Anonymous 0 Comments

If you spend every waking moment for ~three years straight in a total language immersion course, including one or more personal tutors who’ll spend hours a day working with you on everything from basic sounds to sentence structure you’ll be able to speak that language pretty damn well.

This is the environment most people learn their first language in. It’s a lot of work, but they have few responsibilities distracting them from it.

Anonymous 0 Comments

Different languages have different sounds, so if you were brought up with those sounds around you, you’re able to recognise and differentiate them more easily. For instance, English doesn’t have tongue rolling or the ‘ucht’ sound as the German language does, etc.
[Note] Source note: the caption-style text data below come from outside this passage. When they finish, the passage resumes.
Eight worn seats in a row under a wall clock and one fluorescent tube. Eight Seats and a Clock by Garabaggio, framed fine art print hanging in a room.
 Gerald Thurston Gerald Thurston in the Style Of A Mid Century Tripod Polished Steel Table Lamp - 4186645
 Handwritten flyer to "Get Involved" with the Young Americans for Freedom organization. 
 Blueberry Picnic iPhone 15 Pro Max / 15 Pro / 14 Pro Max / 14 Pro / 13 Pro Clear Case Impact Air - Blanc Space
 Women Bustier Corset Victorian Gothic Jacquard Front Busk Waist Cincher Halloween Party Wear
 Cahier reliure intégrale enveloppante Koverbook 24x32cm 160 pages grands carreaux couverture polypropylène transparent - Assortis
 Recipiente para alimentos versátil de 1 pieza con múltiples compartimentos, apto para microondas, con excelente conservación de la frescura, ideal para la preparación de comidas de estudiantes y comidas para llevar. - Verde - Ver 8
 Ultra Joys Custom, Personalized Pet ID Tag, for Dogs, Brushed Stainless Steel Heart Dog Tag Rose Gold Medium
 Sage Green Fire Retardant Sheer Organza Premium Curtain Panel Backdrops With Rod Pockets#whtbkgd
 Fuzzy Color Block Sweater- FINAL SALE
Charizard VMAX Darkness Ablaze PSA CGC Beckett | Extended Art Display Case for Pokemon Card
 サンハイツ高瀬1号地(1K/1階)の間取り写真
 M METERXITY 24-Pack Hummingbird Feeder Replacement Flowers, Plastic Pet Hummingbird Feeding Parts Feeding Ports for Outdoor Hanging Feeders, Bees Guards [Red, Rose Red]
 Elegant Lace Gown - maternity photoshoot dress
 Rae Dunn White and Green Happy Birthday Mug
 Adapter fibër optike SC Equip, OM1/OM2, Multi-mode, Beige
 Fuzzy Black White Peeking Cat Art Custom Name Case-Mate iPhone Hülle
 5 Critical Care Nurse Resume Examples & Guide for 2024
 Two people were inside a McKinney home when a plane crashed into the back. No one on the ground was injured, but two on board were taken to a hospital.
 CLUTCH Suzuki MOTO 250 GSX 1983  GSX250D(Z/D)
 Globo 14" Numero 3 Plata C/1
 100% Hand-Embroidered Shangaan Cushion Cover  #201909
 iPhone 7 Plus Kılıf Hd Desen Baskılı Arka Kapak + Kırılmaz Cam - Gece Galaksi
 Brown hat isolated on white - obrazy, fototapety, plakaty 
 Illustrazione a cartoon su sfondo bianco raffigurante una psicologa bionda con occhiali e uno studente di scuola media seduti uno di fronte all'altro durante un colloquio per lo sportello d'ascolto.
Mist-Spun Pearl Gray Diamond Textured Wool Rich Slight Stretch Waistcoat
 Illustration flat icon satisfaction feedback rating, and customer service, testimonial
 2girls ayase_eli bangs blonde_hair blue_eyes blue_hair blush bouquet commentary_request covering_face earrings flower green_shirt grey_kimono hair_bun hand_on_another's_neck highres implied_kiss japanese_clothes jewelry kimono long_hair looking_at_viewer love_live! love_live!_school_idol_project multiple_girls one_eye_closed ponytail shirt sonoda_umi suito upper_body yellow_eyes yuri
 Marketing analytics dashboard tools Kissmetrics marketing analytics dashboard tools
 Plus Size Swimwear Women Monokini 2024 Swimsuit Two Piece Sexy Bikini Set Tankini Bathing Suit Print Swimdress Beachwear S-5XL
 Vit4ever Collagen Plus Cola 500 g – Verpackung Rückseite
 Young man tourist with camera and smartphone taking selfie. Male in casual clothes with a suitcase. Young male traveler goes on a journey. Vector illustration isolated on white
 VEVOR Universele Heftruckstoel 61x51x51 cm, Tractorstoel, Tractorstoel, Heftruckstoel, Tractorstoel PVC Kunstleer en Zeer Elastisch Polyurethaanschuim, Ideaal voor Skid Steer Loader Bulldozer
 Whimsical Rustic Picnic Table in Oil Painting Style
So asking with a new language, you’re learning new sounds that aren’t usual for you.

Anonymous 0 Comments

It’s not about first vs second language chronologically speaking, it’s about what you were most exposed to by a certain age. Around age 8-10 there’s a part of our brain that basically turns off. This part of the brain is very closely associated with language learning, and is capable of learning via immersion alone, without studying rules or grammar or pronunciation.

If you are bilingual from birth you will basically be fluent in both languages, provided you don’t let any atrophy for a long period of time

Anonymous 0 Comments

Before the age of 12 our brains are basically just set up to take in communication to learn language no matter how many if you learn 5 languages under the age of 12 the language part of your brain would be like a nice bubble. If you learn a second language after 12 that language portion will have a little finger sticking out of the main language area. So once the Jell-O turns from liquid to solid your brain has a harder time making changes. But it doesn’t mean it’s impossible it just means it’s not as easy. Plus you have to remember that from the ages of 1 to 5 you didn’t really have much going on in your life besides trying to learn how to communicate. Add in social pressures of high school and peer pressure everything gets harder.

Anonymous 0 Comments

It isnt harder. But the belief that it is harder is enough to stop most people from trying. If someone really wanted to do it, and committed the same amount of time to their 2nd language as they did their 1st, there are many things we already know that we dont need to relearn. Things like language and grammar components. Sentences needing subjects and verbs. Most people dont actually want to learn Spanish in middle school, and not wanting to learn makes it much harder to learn.

Anonymous 0 Comments

There’s been a lot of study on this in linguistics and some incidental (and horrific abuse) experimentation performed on this. Like a child who has been locked in an attic for the entirety of their life by their parents and discovered by the authorities when they’re 12. The parents never spoke to the child, and that person lived out the rest of their life without any language. They could make sounds, but nothing intelligible. Another child, lost in the forest and raised by wolves, is recovered at the age of six and quickly picks up a full languages grammar and lexicon, so there’s real world, empirical evidence to support these theories of language acquisition, though not traditional experimentation because that would be monstrously immoral. Theres other stuff too, like a Caucasian kid brought up amongst the Xhosa can readily produce the click phonemes that make up Xhosa speech, but an eighteen year old brought in to the society has trouble with them.

Anonymous 0 Comments

Any language I’ve learned for a year, I will put my fluency against any one-year-old native speaker.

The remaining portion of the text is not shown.